When operating a stand-alone micro grid, the battery energy storage system (BESS) and a diesel generator are key components needed in order to maintain demand-supply balance. Using Unit Commitment (UC) to calculate the optimal operation schedule of a BESS and diesel generator helps minimize the operation cost of the micro grid. While calculating the optimal operation schedule for the microgrid, it is important that it reflects the actual characteristics of the implanted devices, in order to increase the schedule result accuracy.

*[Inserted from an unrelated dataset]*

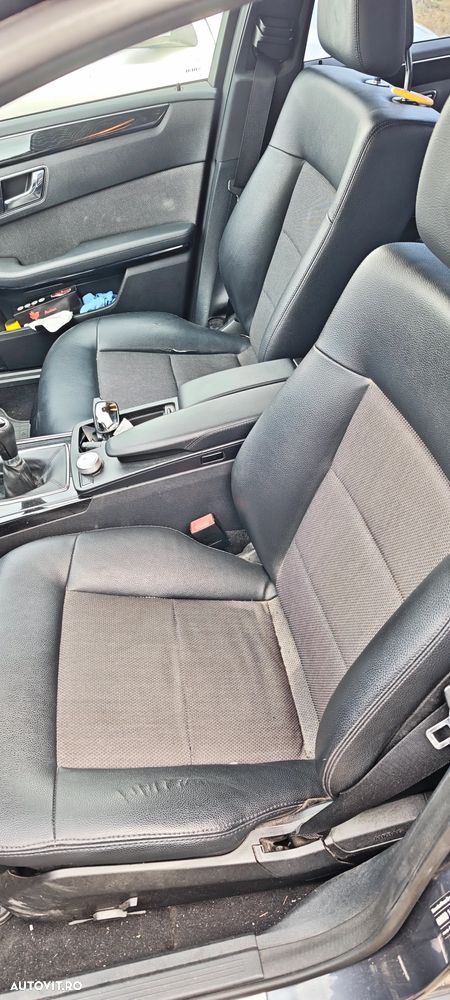 Mercedes-Benz E - 13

In this paper, a piecewise linearization, on the actual power conditioning system (PCS) input/output-efficiency characteristic curve, has been considered while calculating the optimal operation schedule using UC. The optimal schedule result calculated by the proposed method has been examined by comparing the schedule calculated by a fixed input/output-efficiency case, which is conventionally used while solving UC for a stand-alone microgrid.

Suggested Citation

  • Ha-Lim Lee & Yeong-Han Chun, 2018. "Using Piecewise Linearization Method to PCS Input/Output-Efficiency Curve for a Stand-Alone Microgrid Unit Commitment," Energies, MDPI, vol. 11(9), pages 1-13, September.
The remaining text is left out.